Mama Crize acted as treasurer of Tujikomboe until the end of 2015, during which time Tujikomboe was able to expand its operations. Beyond her lasting impact as treasurer, however, Mama Crize paved the way for future female leadership in Kisyosyo. “In the past, it was very difficult for women to become leaders because many people, including the women themselves, didn’t have the knowledge that women can be good leaders. But now it’s easier, because people understand that women can be good leaders.”
Creating strategic approaches to opening doors for women in cocoa production
While stronger value chains open the doors for women and other traditionally excluded groups to prosper within the marketplace, stories like Mama Crize’s inspire TechnoServe teams to more strategically improve the way their projects identify and eliminate barriers to forming equitable decision-making surrounding cocoa resources, labor, and income.
In order to provide more enterprising women with the opportunity to become successful leaders, TechnoServe led a gender analysis of Tanzania’s cocoa sector in 2015. Findings from the analysis – which involved 302 cocoa farmers (65 percent of whom were women), and leaders from 38 cocoa farmer groups – led to the design and implementation of targeted pilot approaches for fostering female participation in cocoa production.
Based on the analysis’s results, TechnoServe developed solutions that eliminate even subtle obstacles inhibiting a more inclusive cocoa value chain. One such innovation was to encourage husbands and wives to attend training together. Simply providing both husband and wife with the same technical knowledge has been proven through TechnoServe projects in coffee and other value chains to open up household communication; when two people share the same information, decision-making organically becomes a more inclusive process.
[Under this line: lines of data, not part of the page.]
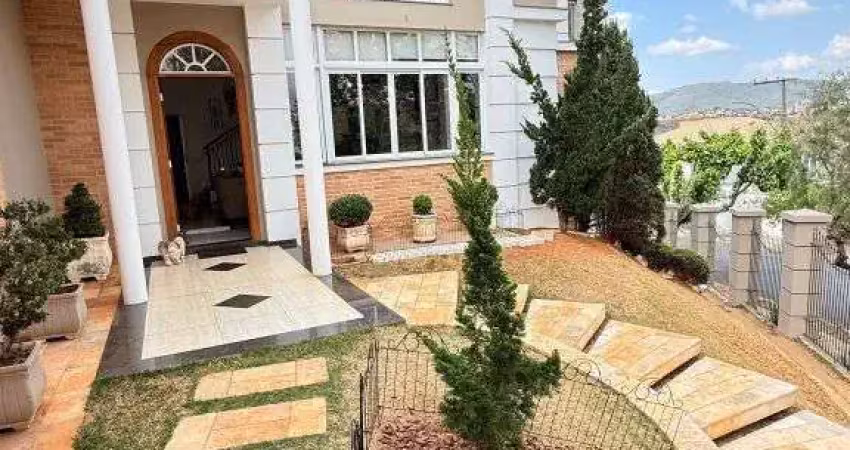 Casa com 3 quartos à venda no Jardim Europa, Poços de Caldas 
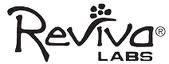 Reviva Labs логотип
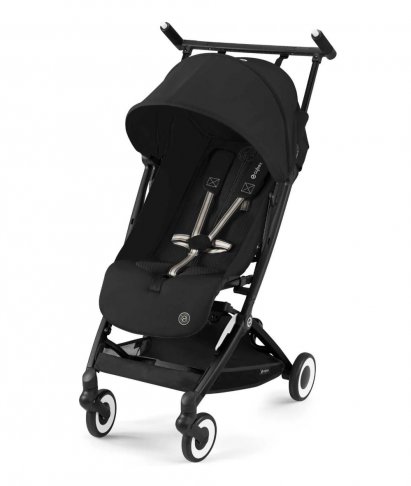 Cybex Libelle推車X2台 1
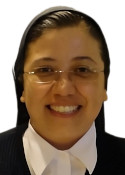 Picture of Sr. Luz Maria Mondragón HMRF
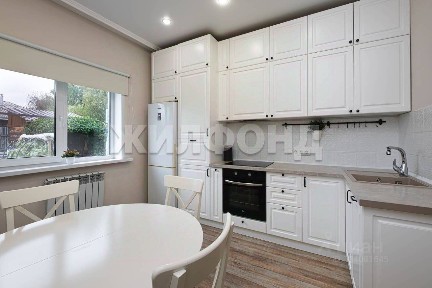 Продается 1/2 часть дома, 69,01 м²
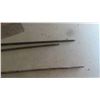 Image 4 : 2 Fencing Bars , Scraper up to 6ft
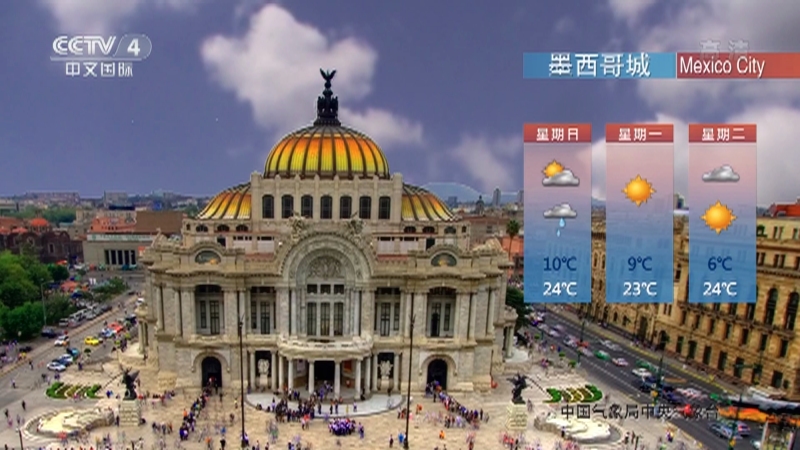 中国新闻 21年11月28日天气预报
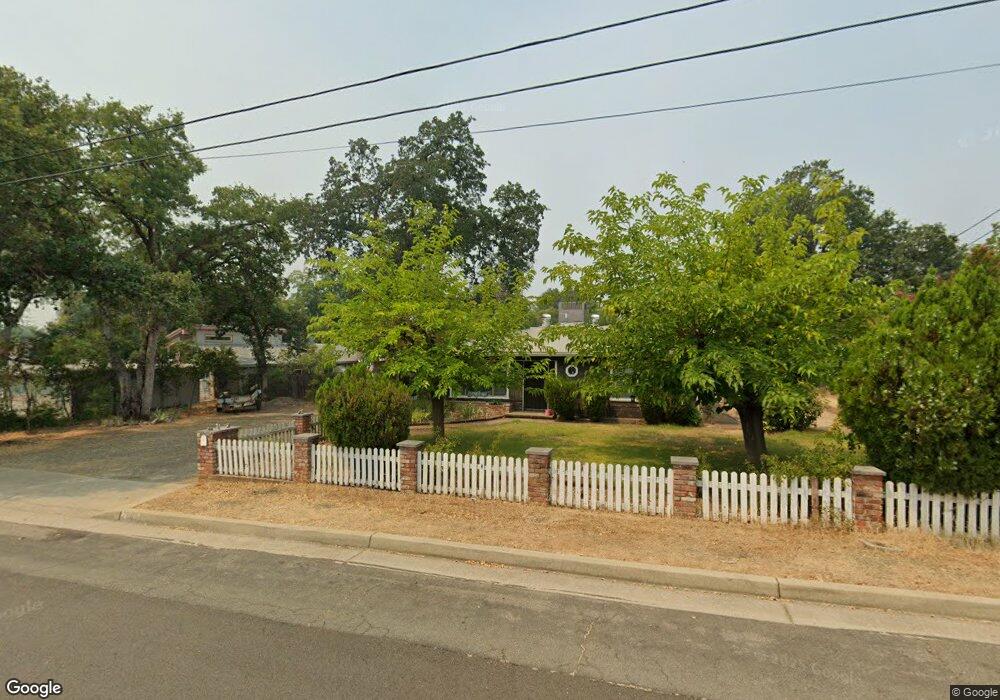 2680 Reservoir Ln, Redding, CA 96002 - photo 1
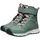 Keen Skua Winter Schneestiefel Grün 39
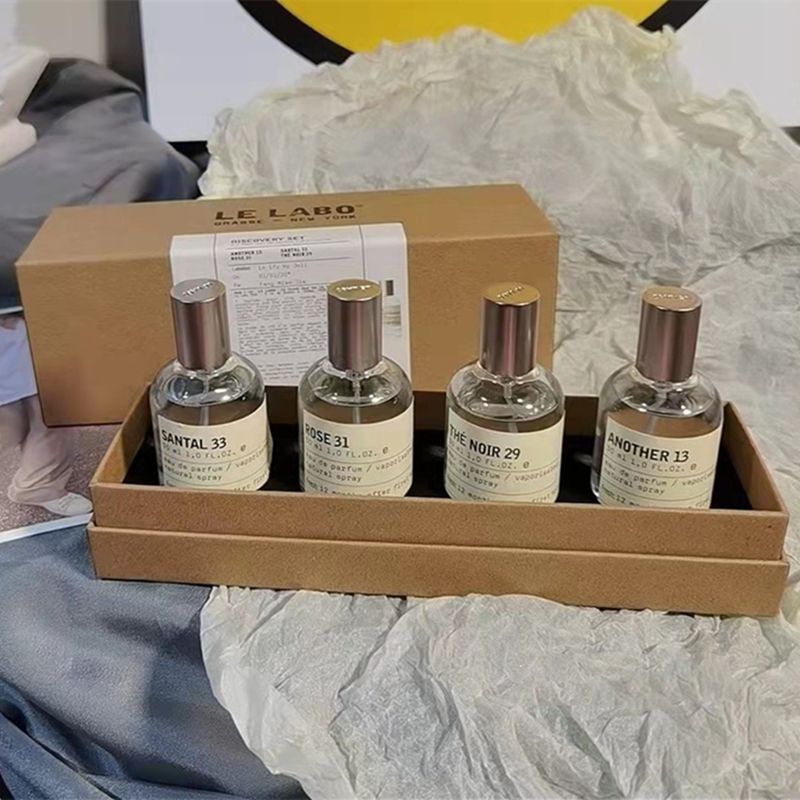 Labo 30ml * 4pcs set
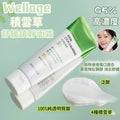 【24小時網站自助下單】現貨🌸Wellage 95%高濃度積雪草舒緩鎮靜面霜| Real Cica Calming 95 Cream 50ml💚 | 落單後約5-7個工作天寄出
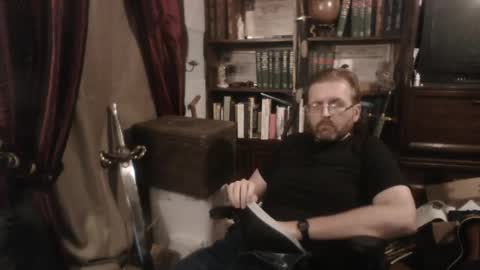 drunkeneagle online show from 05.31.26
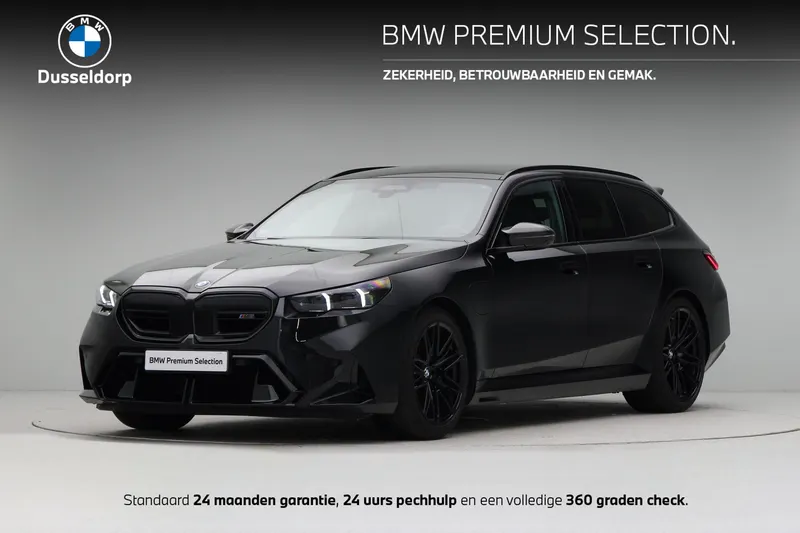 BMW M5 (2025)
TechnoServe also backs up these “easy-win” innovations with a 12-module training curriculum that addresses gender directly in group discussions, as well as focusing on financial literacy and savings. Recognizing that women and men have differing household responsibilities, TechnoServe business mentors offer makeup trainings to accommodate participants who are unable to attend the original training session. By providing a flexible schedule with multiple times to attend trainings, women and men are more likely to participate and reap the benefits of training.
Initial feedback is promising, as one male participant, Edward, says, “I used to be someone who treated my wife bad. I saw that cocoa was my own thing and not my wife’s.” However, after participating in the gender-focused CQMA pilot, Edward’s wife, Ester, says, “If you take his power and my power you can come together and be stronger…. We sit together and plan, maybe we can use this [money] to send the kids to school, maybe we can build a house.”
After the pilot’s end in late 2017, TechnoServe teams will analyze the effectiveness of these approaches and their implications for projects in different communities, value chains, and industries around the world. For her part, Mama Crize is equally motivated in her pursuit of this objective in her own community, encouraging other women to take leadership roles in Kisyosyo.
Not surprisingly for a woman of her drive, Mama Crize’s example will foster an even greater impact than even she might imagine. One of the findings from TechnoServe’s gender analysis is that higher rates of female leadership in FBGs lead to greater average female membership.
Luckily for the women cocoa farmers of Kisyosyo, they have Mama Crize to lead the charge.